Hogan was a familiar face on Australian TV, both as a comedian in a long-running sketch show and in commercials as the face of Winfield cigarettes, while in the U.S., he had starred in a series of ads for the Australian Tourism Commission with the still-famous catchphrase, “Put another shrimp on the barbie.” But Crocodile Dundee made him an international superstar.
However, while the character Mick Dundee ended up saving the day, getting the girl and living happily ever after, the man that inspired his adventures ended his days broken and paranoid in a murderous, speed-fueled shootout.
A lifelong outdoorsman, Rod Ansell moved from Queensland to the deeply rural Northern Territory at the age of 15 to catch buffalo. When he was 22, he told his girlfriend he was going on a fishing trip that might last a few months. He traveled up the Fitzmaurice River with his two dogs, until a crocodile — or, according to some of his retelling of the tale, a whale — overturned his boat. He and the dogs then lived off the land for two months, sleeping in trees, scooping honey out of beehives and sleeping with snakes, eventually being found by a pair of Aboriginal trackers and brought to safety.
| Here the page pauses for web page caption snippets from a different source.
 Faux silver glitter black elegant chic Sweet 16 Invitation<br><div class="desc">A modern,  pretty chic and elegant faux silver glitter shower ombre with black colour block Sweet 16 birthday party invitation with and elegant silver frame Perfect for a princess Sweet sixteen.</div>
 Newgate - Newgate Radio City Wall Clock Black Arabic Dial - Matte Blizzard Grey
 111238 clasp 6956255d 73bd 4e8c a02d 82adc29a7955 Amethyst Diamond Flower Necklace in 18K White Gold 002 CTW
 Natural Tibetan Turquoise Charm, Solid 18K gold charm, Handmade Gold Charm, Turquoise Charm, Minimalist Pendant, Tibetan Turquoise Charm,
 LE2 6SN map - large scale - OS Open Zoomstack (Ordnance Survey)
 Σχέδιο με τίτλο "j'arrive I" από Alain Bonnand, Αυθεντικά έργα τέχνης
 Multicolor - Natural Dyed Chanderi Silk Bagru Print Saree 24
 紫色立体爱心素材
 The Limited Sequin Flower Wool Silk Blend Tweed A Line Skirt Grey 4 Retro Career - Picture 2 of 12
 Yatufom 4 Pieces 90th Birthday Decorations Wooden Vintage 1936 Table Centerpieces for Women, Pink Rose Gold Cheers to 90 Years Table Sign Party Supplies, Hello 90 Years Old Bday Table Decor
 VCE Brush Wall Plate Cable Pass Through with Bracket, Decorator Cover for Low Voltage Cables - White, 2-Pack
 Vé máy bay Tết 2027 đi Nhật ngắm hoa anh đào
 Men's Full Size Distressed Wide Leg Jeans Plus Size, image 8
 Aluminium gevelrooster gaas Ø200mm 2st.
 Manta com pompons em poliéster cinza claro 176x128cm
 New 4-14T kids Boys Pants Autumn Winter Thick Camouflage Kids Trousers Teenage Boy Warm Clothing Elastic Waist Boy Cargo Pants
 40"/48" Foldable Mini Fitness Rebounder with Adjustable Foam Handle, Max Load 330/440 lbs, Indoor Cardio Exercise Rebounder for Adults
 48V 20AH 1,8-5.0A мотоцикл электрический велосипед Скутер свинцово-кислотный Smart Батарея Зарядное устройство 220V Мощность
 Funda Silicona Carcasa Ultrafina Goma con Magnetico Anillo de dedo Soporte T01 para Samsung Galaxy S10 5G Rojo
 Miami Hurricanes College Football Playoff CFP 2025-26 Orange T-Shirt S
When he told the story to the press, it became more and more outlandish, with claims of shooting sharks, eating goannas and drinking buffalo blood to survive. The media nonetheless jumped on it, and Ansell became an instant folk hero, a charismatic salt-of-the earth lovable rogue. Nobody seemed to mind the fact that he had actually set off on his trip to poach crocodiles — the guy was charming. He was eventually flown to Sydney to be interviewed for TV, cheerfully telling interviewer Michael Parkinson how he slept on the hotel floor because he wasn’t used to beds.
He was also reportedly mystified by the hotel’s bidet, a detail Hogan put into his movie wholesale.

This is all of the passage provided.